Figure 4. Cytokine expression of TsGal-1-like proteins-pulsed DCs. The summarized results of IL-12p40/p70, IL-10, and transforming growth factor (TGF)-β expression are presented as mean value of percentage (%) of the expression ± SD from three different experiments. *p < 0.05, **p < 0.01, ***p < 0.005 compared as indicated (one-way ANOVA with Tukey's posttest).

Figure 5. T helper polarization influenced by treated DCs. Treated DCs were thoroughly washed and then cocultured with magnetic-activated cell sorting-purified allogenic T cells (1 × 10⁵/well) for 6 days in 1:20 DC:T cell ratio. (a) Representative analysis of IL-4⁺, IL-10⁺ and IFN-γ⁺ cells within CD4⁺ T cells from one experiment are shown. (b) Presented are the summarized results shown as mean % ± SD of three experiments with different DCs donors. *p < 0.05, **p < 0.01, ***p < 0.001 compared to control, or as indicated by line (one-way ANOVA with Tukey's posttest).

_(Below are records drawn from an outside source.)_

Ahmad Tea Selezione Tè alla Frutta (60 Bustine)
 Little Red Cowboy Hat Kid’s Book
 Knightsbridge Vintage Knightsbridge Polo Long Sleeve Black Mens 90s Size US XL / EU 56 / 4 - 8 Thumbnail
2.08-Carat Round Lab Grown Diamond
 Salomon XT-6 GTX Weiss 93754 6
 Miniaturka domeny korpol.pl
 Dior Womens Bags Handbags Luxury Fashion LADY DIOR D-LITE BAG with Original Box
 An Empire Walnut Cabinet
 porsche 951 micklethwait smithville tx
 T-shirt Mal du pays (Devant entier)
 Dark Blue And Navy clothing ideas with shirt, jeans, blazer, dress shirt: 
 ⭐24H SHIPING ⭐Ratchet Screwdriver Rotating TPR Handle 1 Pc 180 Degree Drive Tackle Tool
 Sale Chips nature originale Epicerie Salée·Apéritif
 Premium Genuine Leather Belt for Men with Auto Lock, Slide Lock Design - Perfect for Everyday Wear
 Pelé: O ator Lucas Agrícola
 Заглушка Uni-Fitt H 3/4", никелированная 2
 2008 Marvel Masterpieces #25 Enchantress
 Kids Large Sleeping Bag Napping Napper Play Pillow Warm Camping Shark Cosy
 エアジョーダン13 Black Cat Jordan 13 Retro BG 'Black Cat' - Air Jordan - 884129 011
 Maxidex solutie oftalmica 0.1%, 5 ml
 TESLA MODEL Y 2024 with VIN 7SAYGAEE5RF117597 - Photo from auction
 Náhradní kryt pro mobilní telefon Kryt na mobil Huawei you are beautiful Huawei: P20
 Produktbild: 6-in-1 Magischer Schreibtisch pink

Figure 6. Tolerogenic properties and functions of TsGal-1-like proteins-treated DCs. DCs treated with ES L1 antigens (50 μg/ml), TsGal-1-like proteins (5 μg/ml) and LPS/IFNγ were washed thoroughly and then cocultured with magnetic-activated cell sorting-purified allogenic T cells (Tly) (1 × 10⁵/well) for 3 days in 1:50 DC:T cell ratio and then re-stimulated with interleukin (IL)-2 (2 ng/ml) for another 3 days. (a) Representative analysis of CD25⁺Foxp3⁺ cells within CD4⁺ T cells and IL-10 and transforming growth factor (TGF)-β within CD4⁺CD25⁺ T cell population is shown, (b) the summarized results for the expression of CD4⁺CD25⁺FoxP3⁺ T regulatory cells and IL-10 and TGF-β within CD4⁺CD25⁺ T cells are shown as the mean % ± SD from three different experiments. *p < 0.05, **p < 0.01, ***p < 0.005 compared as indicated by line (one-way ANOVA with Tukey's posttest).